Seit 27 Jahren führt Mendler den Milchhof. Noch bis in die 80er-Jahre lag der Betrieb der Familie in der Schöneberger Steinmetzstraße. Mittlerweile waltet Joachim gemeinsam mit seinem Bruder Georg über rund 50 Kühe, ein paar Hühner, Ziegen und einen Pfau. In dem Hofladen wird frische Kuhmilch verkauft, die anderen Tiere sind "nur zu Anschauungszwecken", stellt Mendler klar. Schließlich schauen auf seinem Hof des Öfteren Schulklassen oder Kindergartengruppen vorbei. "Damit die Kinder mal lernen, wie ein Huhn aussieht und wo die Milch herkommt." Das zu wissen ist in einer Welt, in der die Milch aus der Packung und das Rind in unschuldigen rosa Scheiben auf den Tisch kommt, keine Selbstverständlichkeit mehr, das weiß Joachim Mendler.

Die Greenmap-Bewegung

Das Greenmap-Netzwerk entstand Mitte der 90er-Jahre. Lokale Projekte schlossen sich zusammen, um sich mit Hilfe von Karten für eine nachhaltige Entwicklung einzusetzen. Die Stadt- und Stadtteilpläne verzeichnen Orte, die zu einer nachhaltigen Entwicklung beitragen, wie Parks, Recyclinghöfe und Bioläden.

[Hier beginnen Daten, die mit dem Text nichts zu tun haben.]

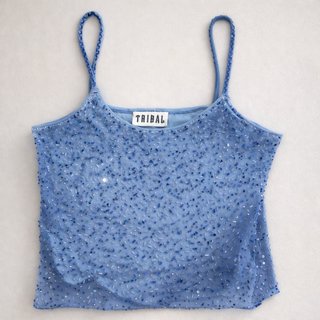 Top Tribal Malla Pedrería Lentejuelas Azul (Y2K)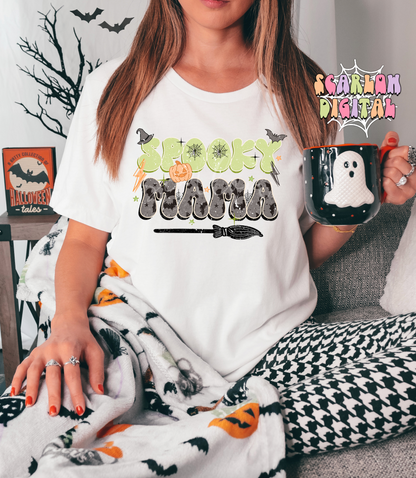 Spooky Mama PNG-Halloween Sublimation Digital Design Download-bats png, spooky season png, mom and me png, png for mom, pumpkins png design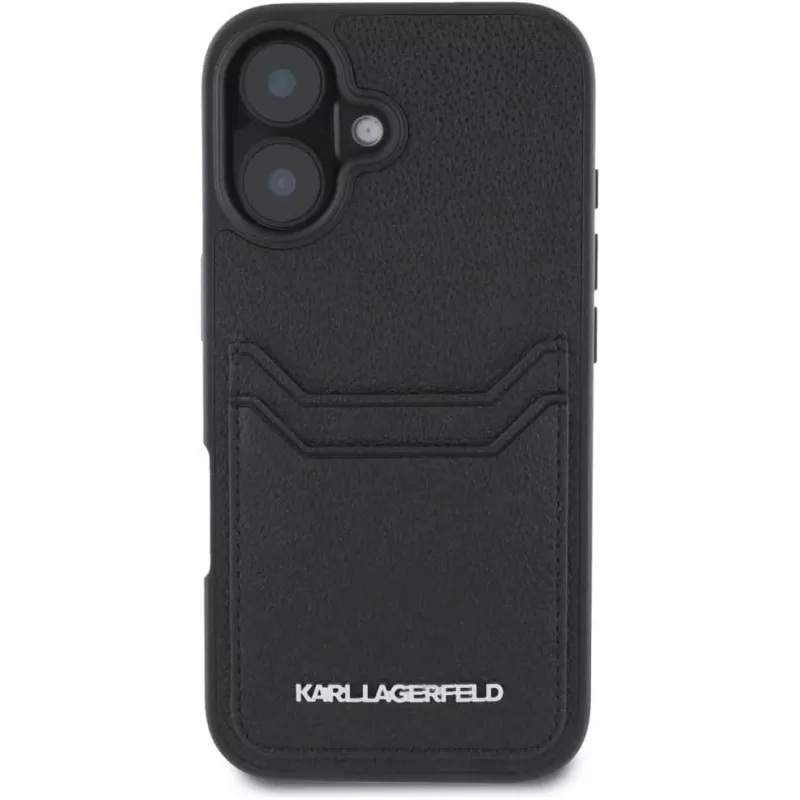 Karl Lagerfeld HC Grained PU Card Slot Metal Elongated Funda para iPhone 16, negro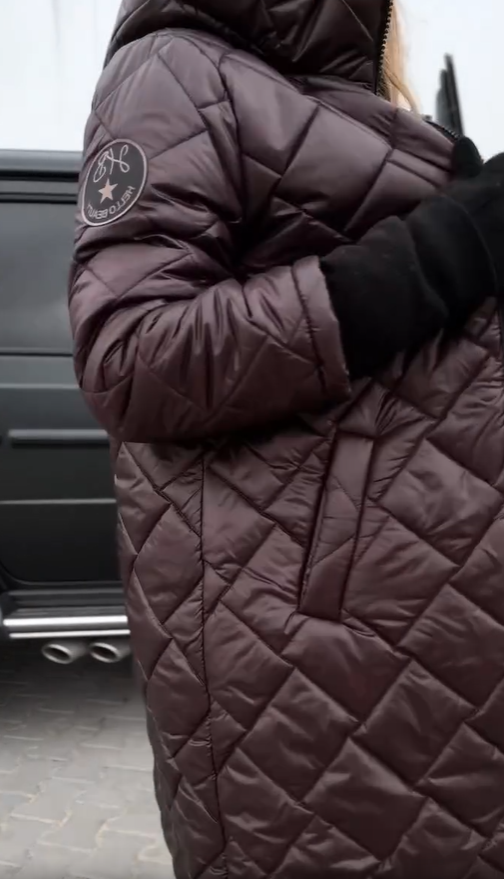Quilted Hooded Zip Front Longline Puffer Coat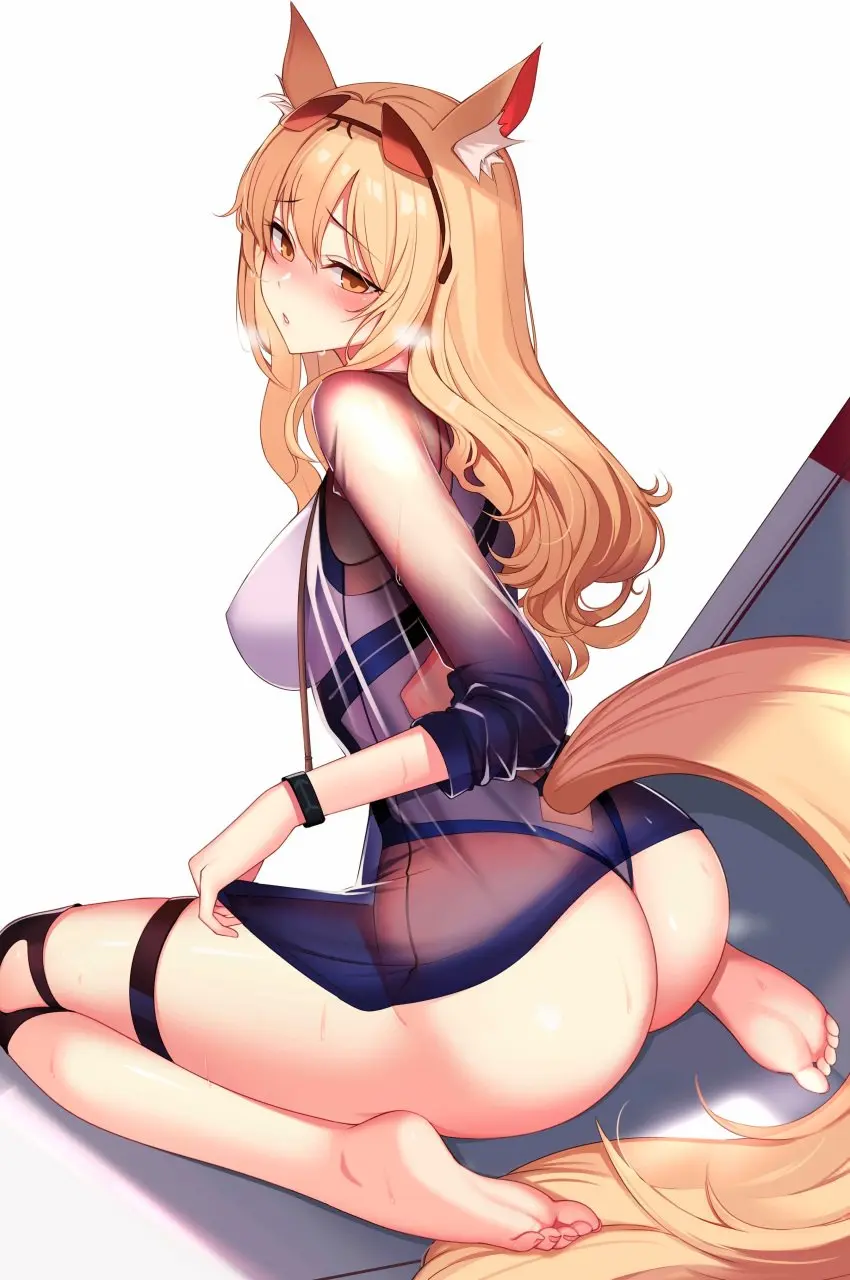 Image 1girls,blush,female,female_only,head_tilt,highres,light-skinned_female,long_hair,solo,white_background,animal_ears,tail,ass,big_ass,looking_back,thighs,barefoot,kneeling,orange_eyes,feet,arknights,ateoyh,blonde_hair,kemonomimi,legs,flustered,nearl_(arknights),one-piece_swimsuit,parted_lips,sitting,sunglasses_on_head,swimsuit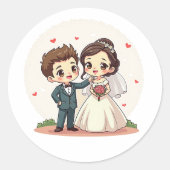 Chibi Wedding Celebration Runder Aufkleber (Vorderseite)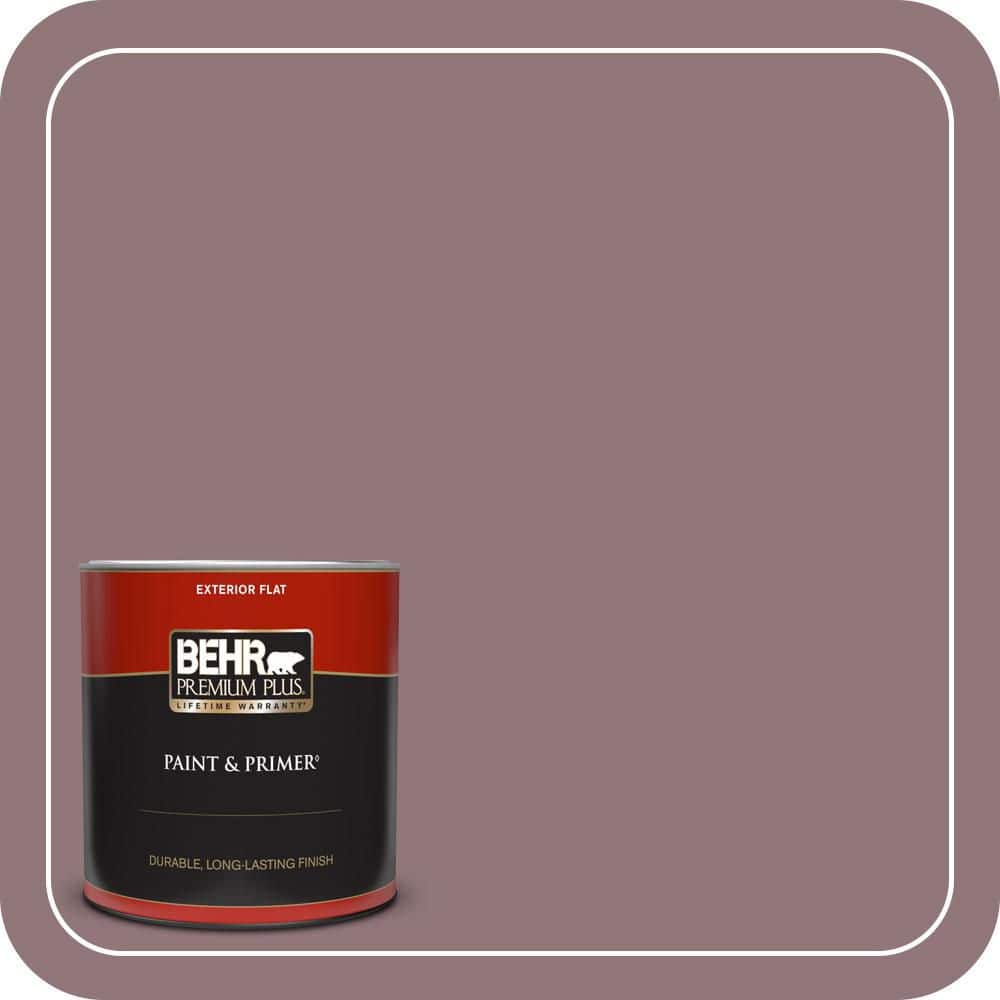 BEHR PREMIUM PLUS 1 qt. #N120-5 Plumville Flat Exterior Paint & Primer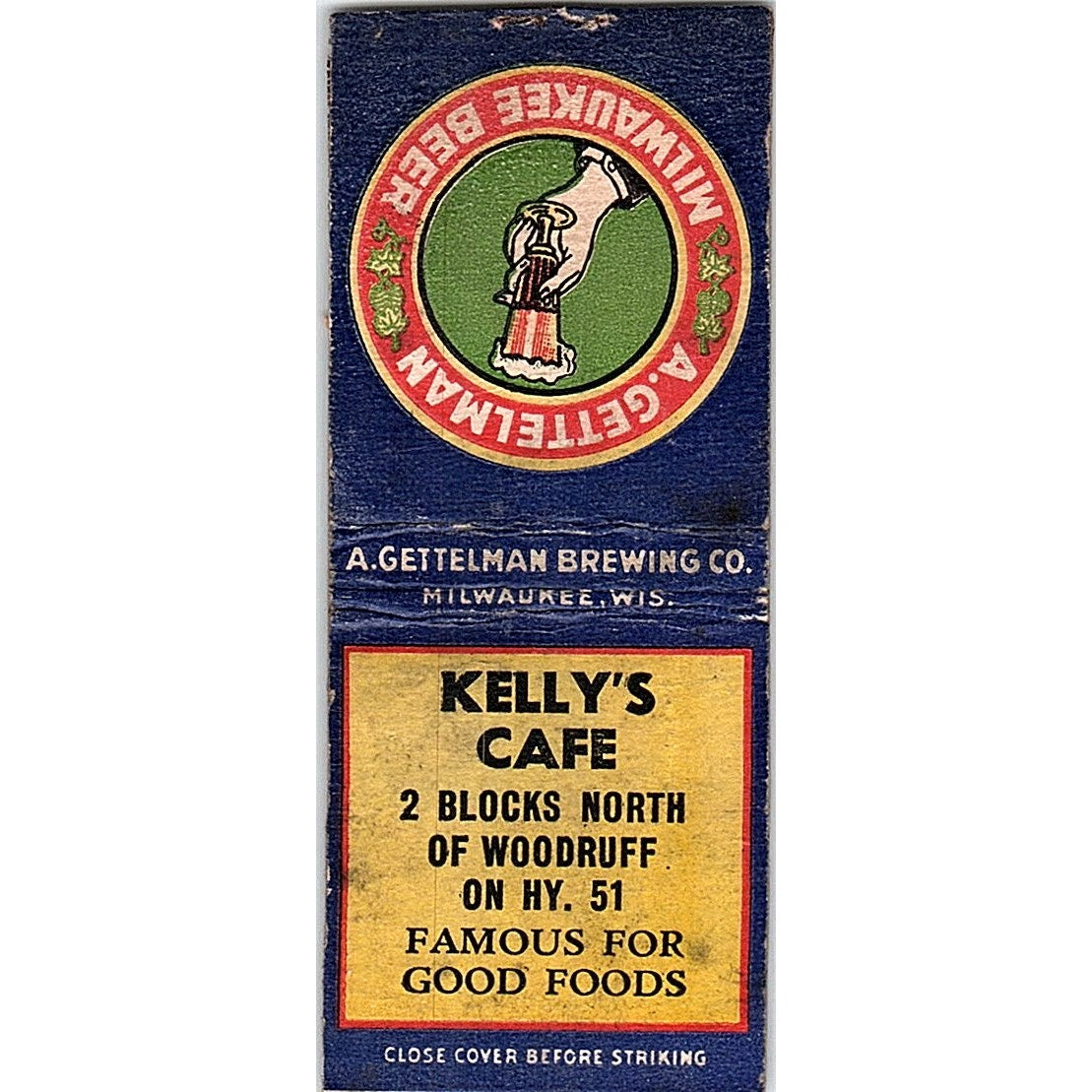 Kelly's Cafe Woodruff WI Vintage Matchbook Cover SF3-Y5
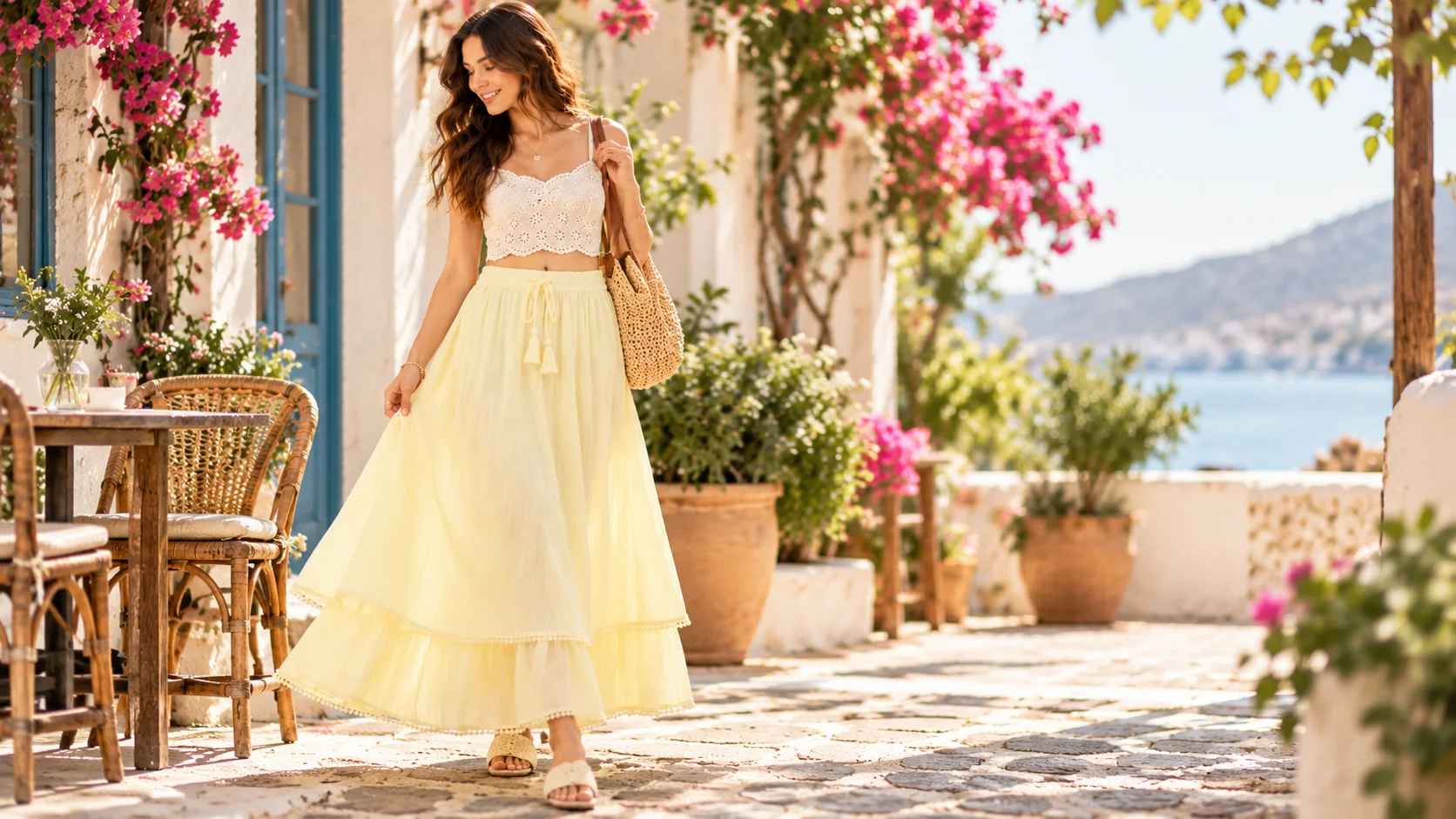 Yellow layered maxi skirt styled with a simple cream top and neutral accessories for an effortless summer outfit.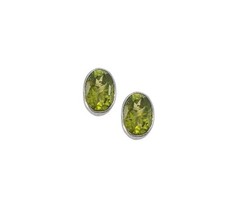 peridot oval stud earrings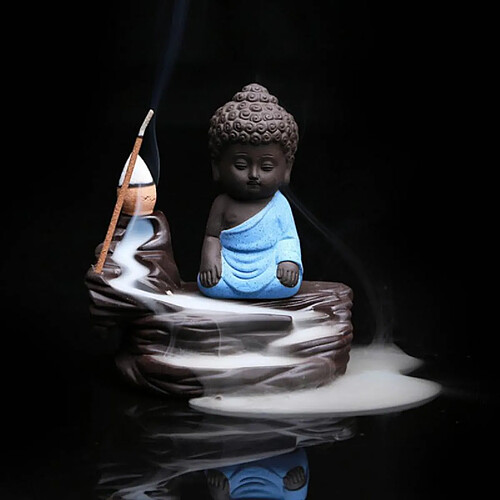 Petite statue de tathagata méditation bouddha brûleur d'encens cendrier bleu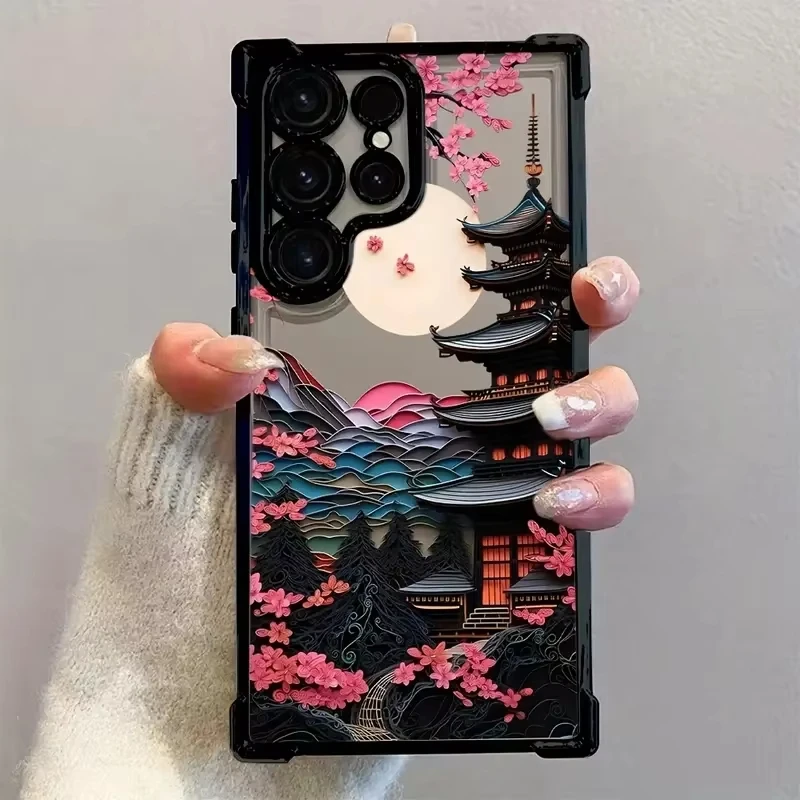 Japanese-Style Ancient House Design Airbag Phone Case - Anti-Fall Protective Back Cover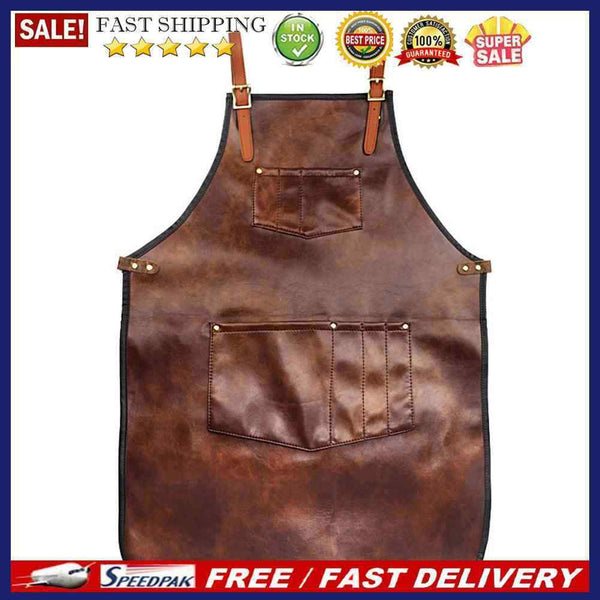 Hairdresser Leather Work Clothes Salon Barber Shop Multi Pockets Denim Apron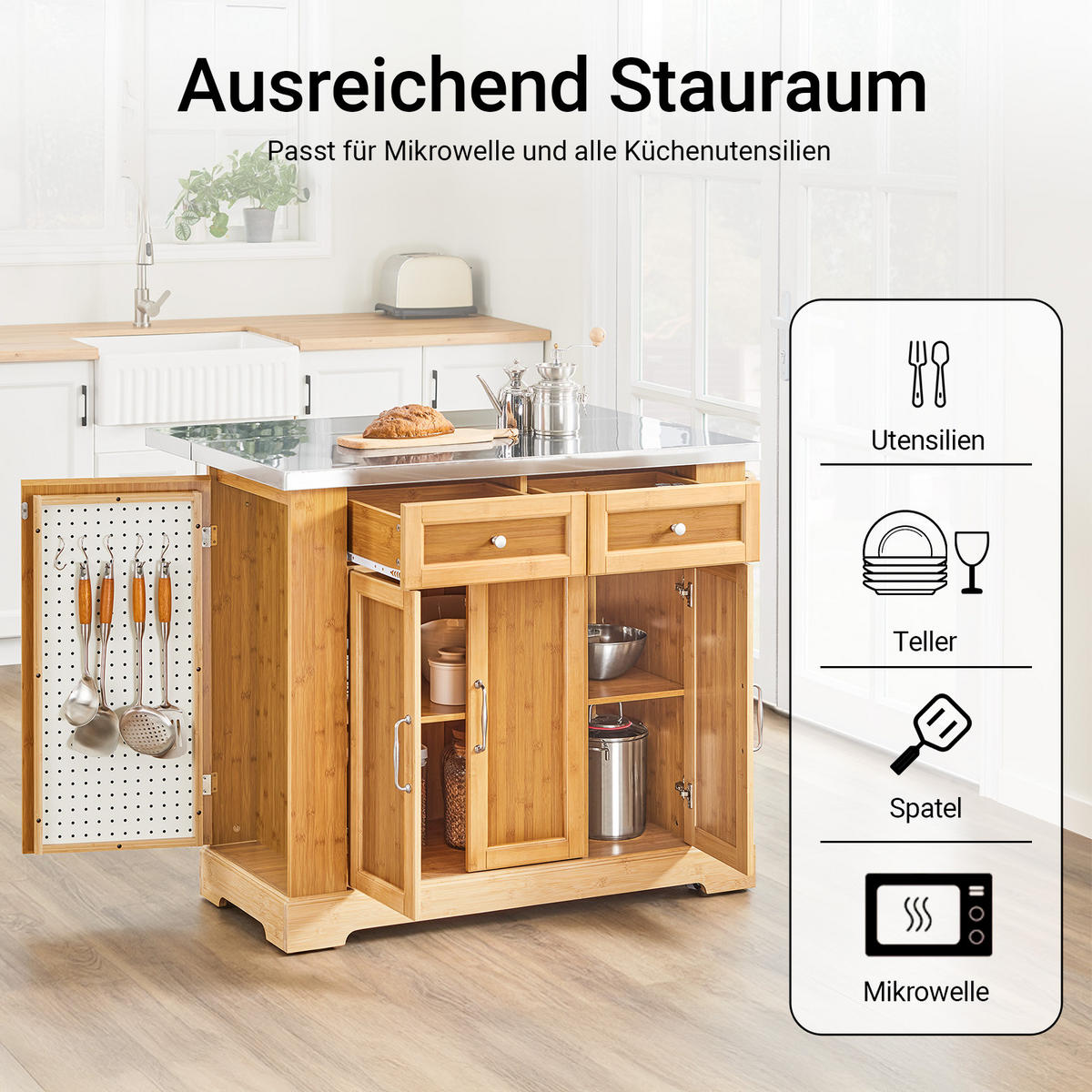 KÜCHENINSEL auf Rollen, Bambus, 107x92,5x(46–71) cm - Naturfarben, Holz/Holzwerkstoff (107/92.5/71cm) - SoBuy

Die Karten sollen auf der einen Seite als Wegweiser für Touristen und Ortsunkundige dienen. Auf der anderen Seite wünschen sich die Aktivisten eine möglichst breite gesellschaftliche Beteiligung: Dadurch, so die Hoffnung, werden die Anwohner auf Vorzüge und Missstände in ihrem Viertel aufmerksam - und setzen sich dafür ein, Letztere zu beseitigen.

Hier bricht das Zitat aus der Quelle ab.